%%

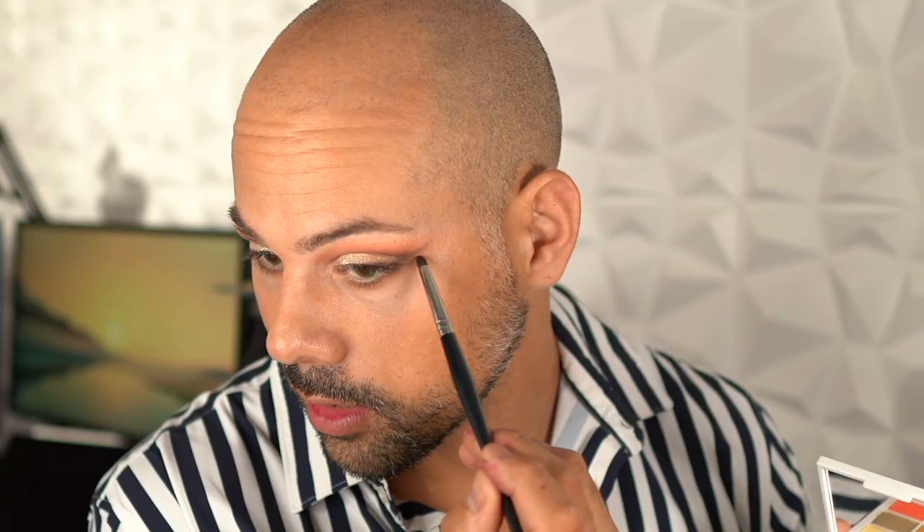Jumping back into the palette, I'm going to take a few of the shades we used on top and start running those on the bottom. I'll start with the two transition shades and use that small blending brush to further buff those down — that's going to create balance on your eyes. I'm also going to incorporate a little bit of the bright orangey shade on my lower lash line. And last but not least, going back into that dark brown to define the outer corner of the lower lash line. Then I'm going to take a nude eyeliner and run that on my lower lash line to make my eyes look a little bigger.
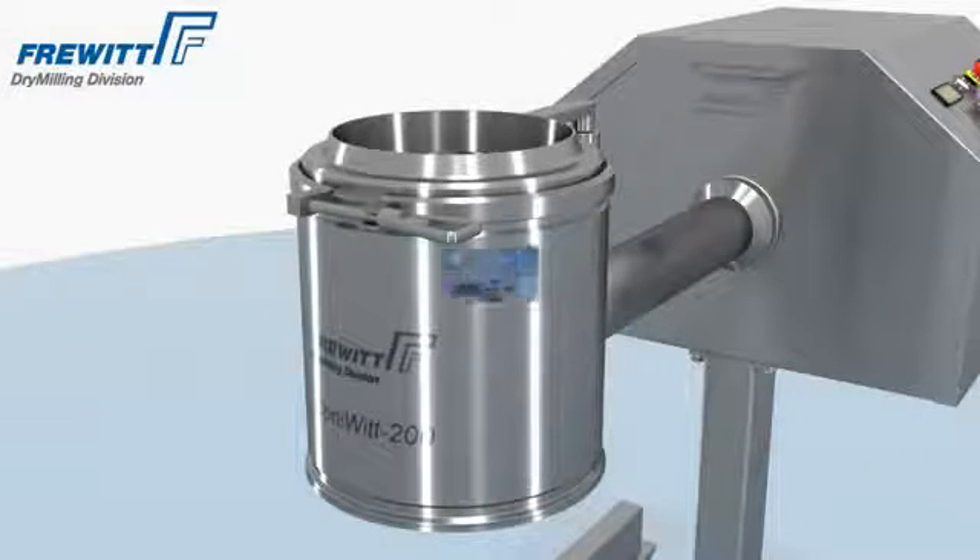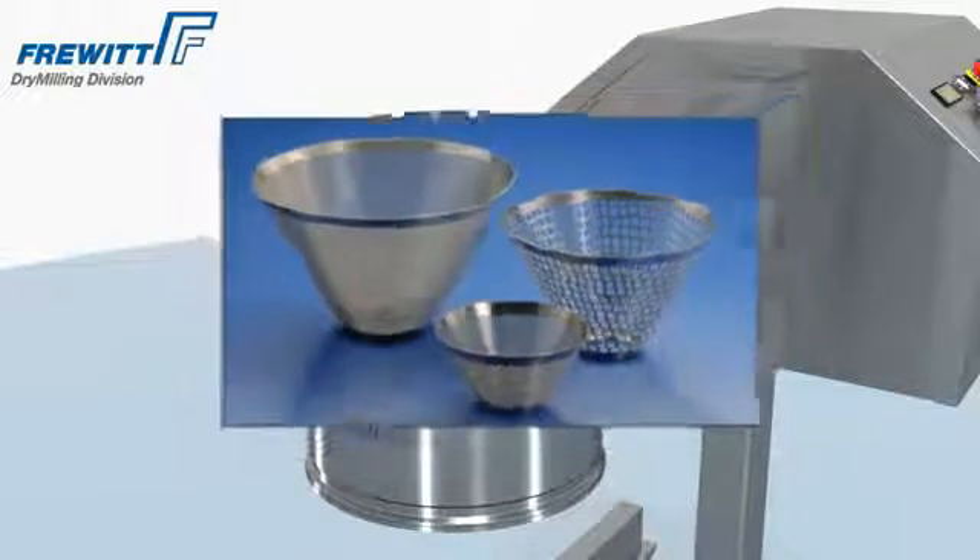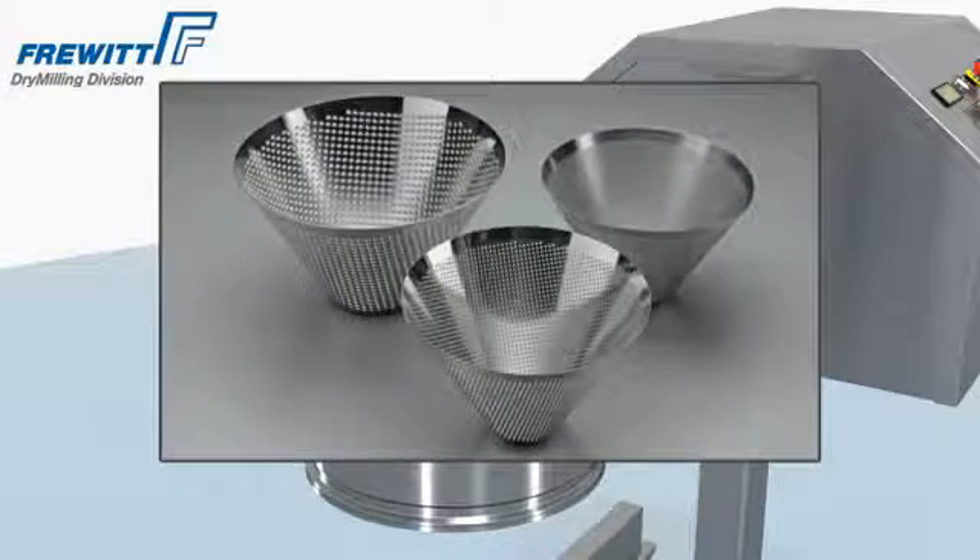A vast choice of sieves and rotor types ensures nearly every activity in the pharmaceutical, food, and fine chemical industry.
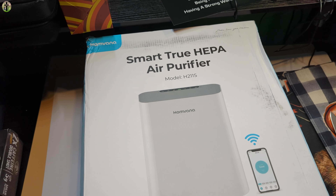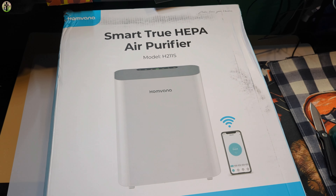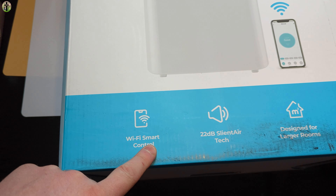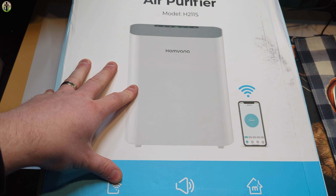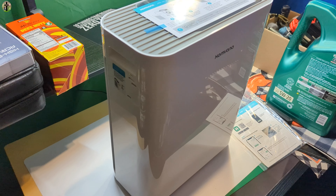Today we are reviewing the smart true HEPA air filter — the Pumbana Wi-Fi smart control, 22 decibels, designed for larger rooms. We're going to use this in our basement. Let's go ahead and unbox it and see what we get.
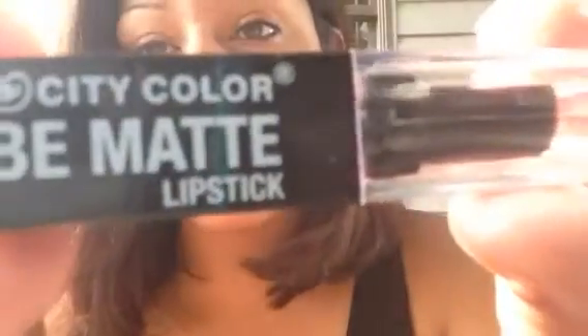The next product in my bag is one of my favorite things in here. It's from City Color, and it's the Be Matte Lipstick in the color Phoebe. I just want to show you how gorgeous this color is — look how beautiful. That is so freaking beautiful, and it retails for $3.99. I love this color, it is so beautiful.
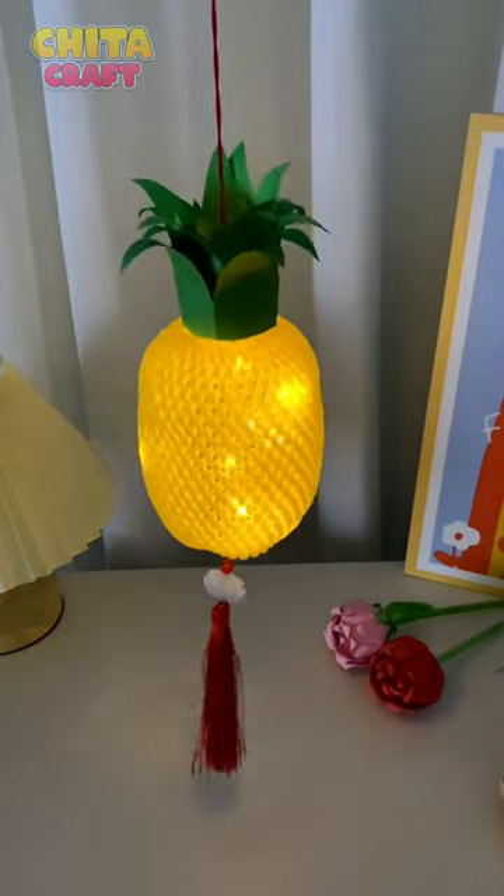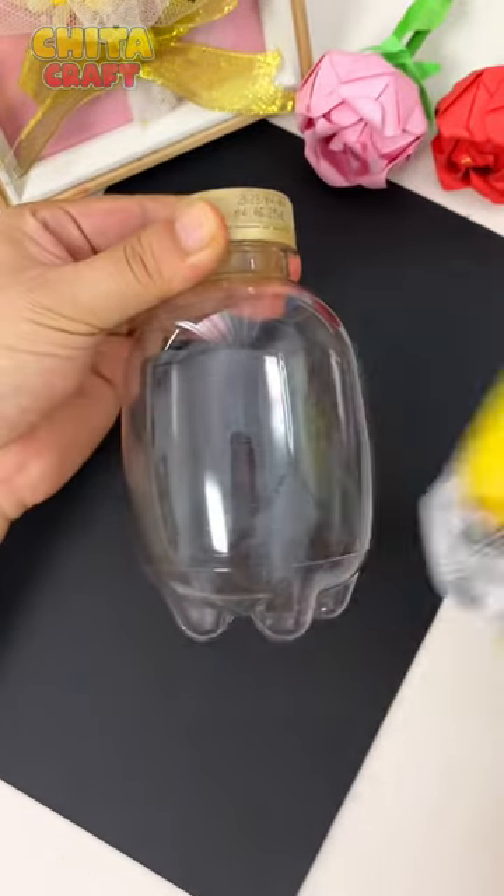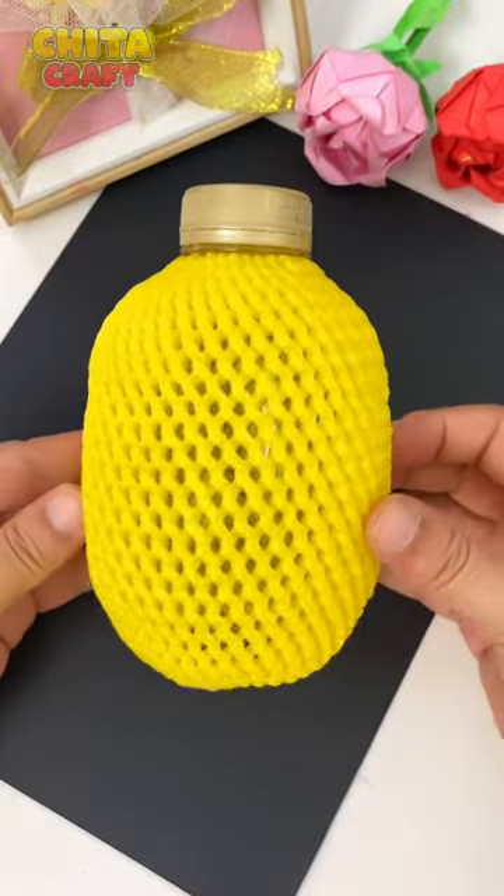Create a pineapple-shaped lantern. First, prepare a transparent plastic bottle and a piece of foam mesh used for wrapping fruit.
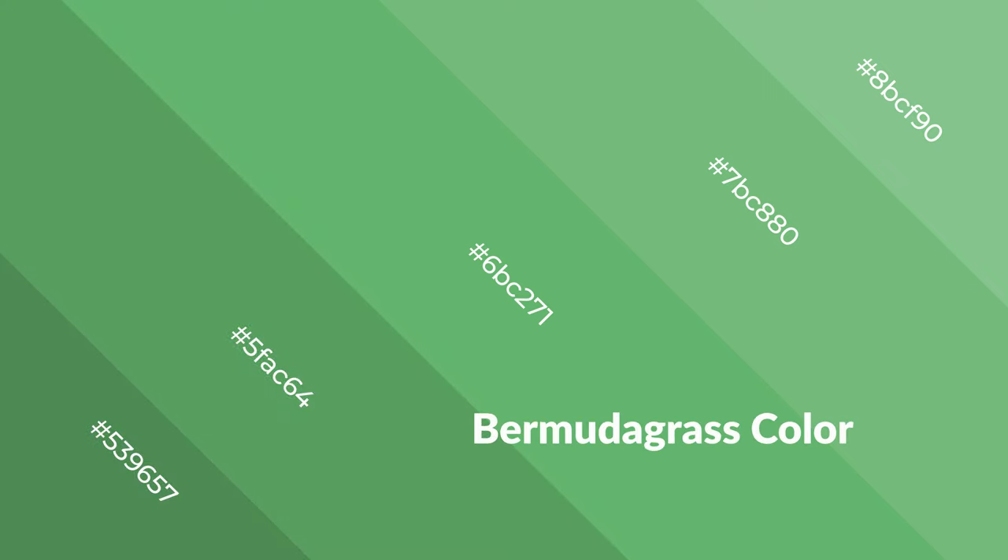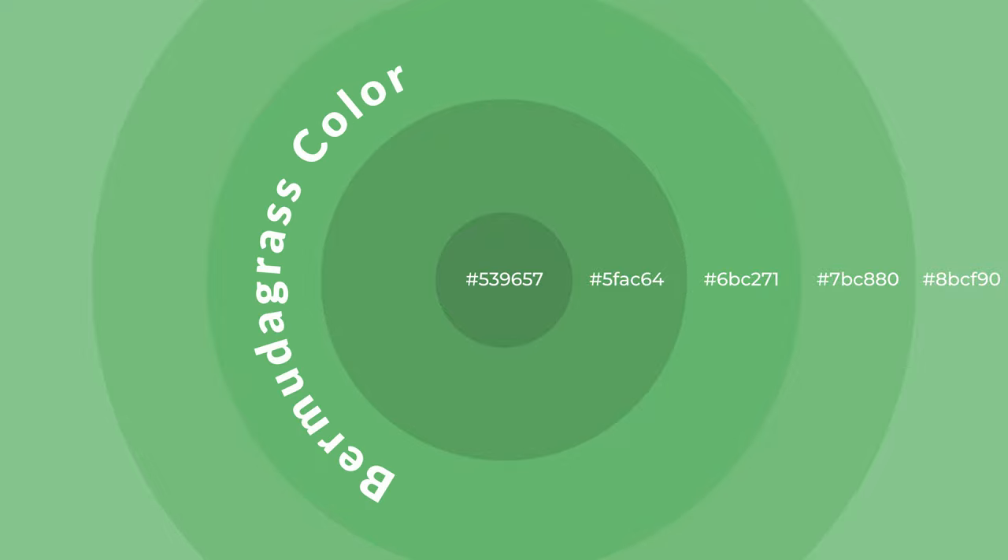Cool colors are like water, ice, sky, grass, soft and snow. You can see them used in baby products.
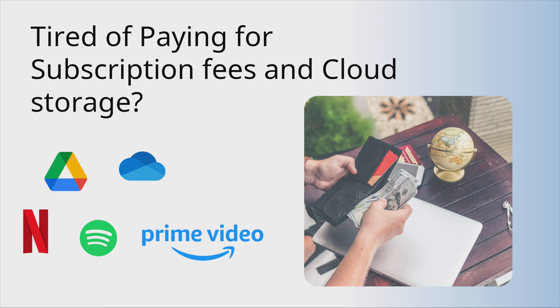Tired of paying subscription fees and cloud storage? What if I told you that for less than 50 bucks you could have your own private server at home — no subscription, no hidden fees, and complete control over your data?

%%

Requirement: Your answer must be the records above, copied exactly, with no pictures.

Answer to this problem:
Jumping back into the palette, I'm going to take a few of the shades we used on top and start running those on the bottom. I'll start with the two transition shades and use that small blending brush to further buff those down — that's going to create balance on your eyes. I'm also going to incorporate a little bit of the bright orangey shade on my lower lash line. And last but not least, going back into that dark brown to define the outer corner of the lower lash line. Then I'm going to take a nude eyeliner and run that on my lower lash line to make my eyes look a little bigger.
A vast choice of sieves and rotor types ensures nearly every activity in the pharmaceutical, food, and fine chemical industry.
Today we are reviewing the smart true HEPA air filter — the Pumbana Wi-Fi smart control, 22 decibels, designed for larger rooms. We're going to use this in our basement. Let's go ahead and unbox it and see what we get.
The next product in my bag is one of my favorite things in here. It's from City Color, and it's the Be Matte Lipstick in the color Phoebe. I just want to show you how gorgeous this color is — look how beautiful. That is so freaking beautiful, and it retails for $3.99. I love this color, it is so beautiful.
Create a pineapple-shaped lantern. First, prepare a transparent plastic bottle and a piece of foam mesh used for wrapping fruit.
Cool colors are like water, ice, sky, grass, soft and snow. You can see them used in baby products.
Tired of paying subscription fees and cloud storage? What if I told you that for less than 50 bucks you could have your own private server at home — no subscription, no hidden fees, and complete control over your data?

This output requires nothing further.